QIA, GN call for more monitoring and mitigation of impacts on caribou at Mary River
Proposed Mary River iron mine would be “first major development in a calving area in Canada.”
The Qikiqtani Inuit Association and Goverment of Nunavut say they’re worried about the impact on caribou from the proposed Mary River mine, the “first major development in a calving area in Canada.”
They’re among organizations and agencies who are talking to Baffinland Iron Mines Corp. at public technical meeting organized by the Nunavut Impact Review Board in Iqaluit, the last formal discussions before the iron ore project moves into final hearings.

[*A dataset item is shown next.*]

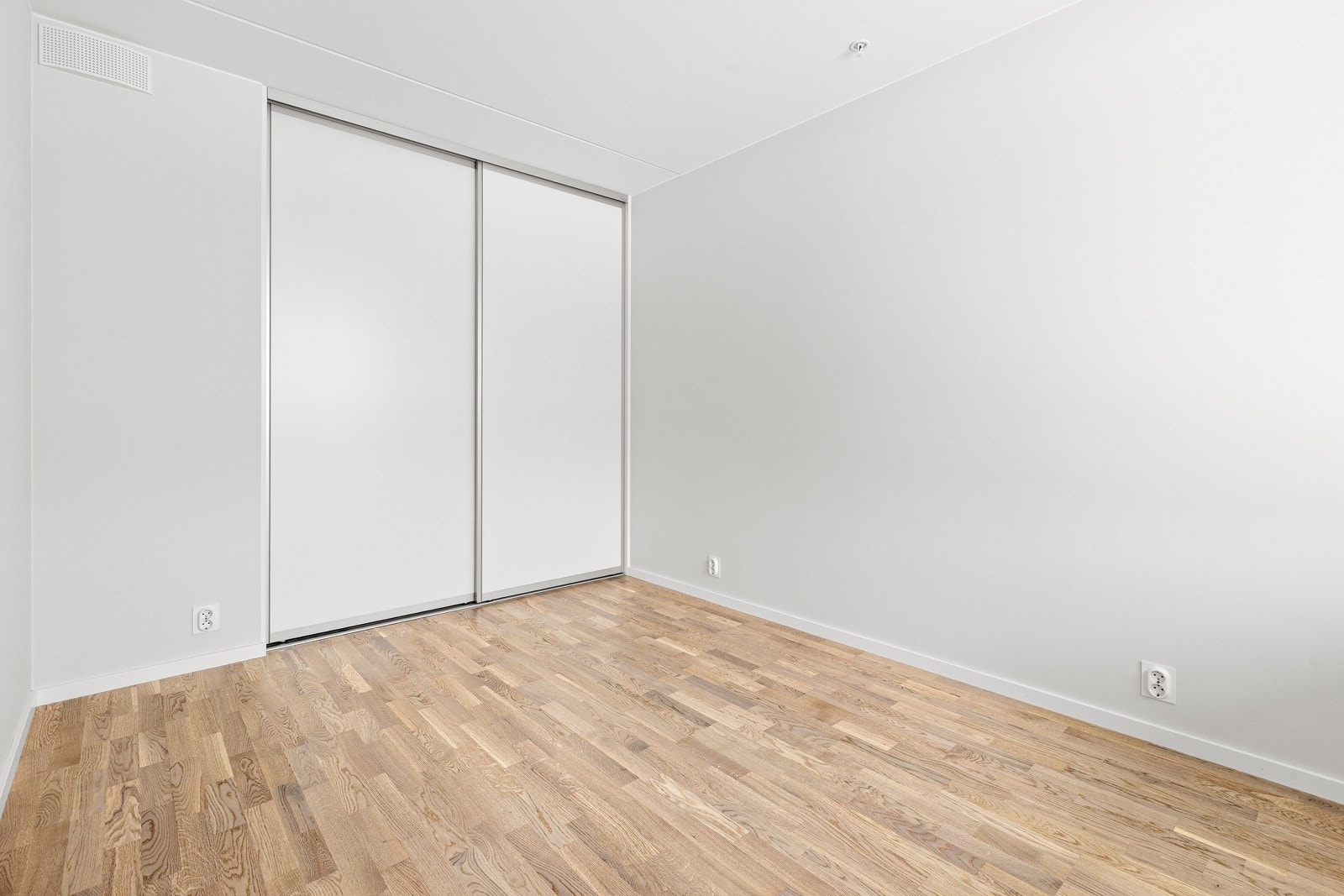 Romslig hovedsoverom med god plass til dobbeltseng - skyvedørsgarderobe er montert - vindu mot vest Galleribilde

But before the final hearings happens, the QIA and the GN said May 3 that they want to see Baffinland agree to create a formal committee on the monitoring and mitigation of land-based impacts, particularly on caribou.
The north Baffin caribou numbers appear to already be declining, the QIA’s Kim Poole said.
“It’s fairly obvious that there is a large degree of uncertainty,” with not a lot of western science available on the north Baffin caribou herd, he said — that puts a cloud on all monitoring and mitigation plans and statements about impacts, he added.
While the mine may develop new deposits and the numbers and movements of caribou may change, “with the low levels of animals now, we’ll all have to work a little harder now to verify the impact predictions through increased monitoring,” Poole said.
The QIA and the GN also brought up lots of questions about the construction and operation of the 149-kilometre railway that Baffinland wants to build from the mine site at Mary River to the proposed port at Steensby Inlet.
The GN said Baffinland must take “every step” should be taken to avoid mortality due to train traffic, while the QIA challenged the final environmental impact assessment’s assertion that “caribou will easily pass under bridges and over the railway.”
That’s unproven, Poole said, with no examples from North America.
Baffinland countered that workers would stop if it’s “obvious” caribou are being disturbed.
But “who” would decide that, Poole asked Oliver Curran, Baffinland’s vice-president for sustainability.
“Those are the details we need to work out by means of a terrestrial working group,” Curran said, noting that there would be monitors and an environmental department on site.
But the NIRB’s executive director Ryan Barry pointed out that Baffinland needs to provide more details before the final hearings.
“You don’t want to leave this [until] after the project approval, “if that were to occur,” he said.
The meeting was to continue during the afternoon of May 3.
They’ll be back talking about the project’s socio-economic impacts, and its impacts on caribou, birds and habitat and related mitigation and monitoring programs at the Navigator Inn in Iqaluit.
Members of the public can also attend.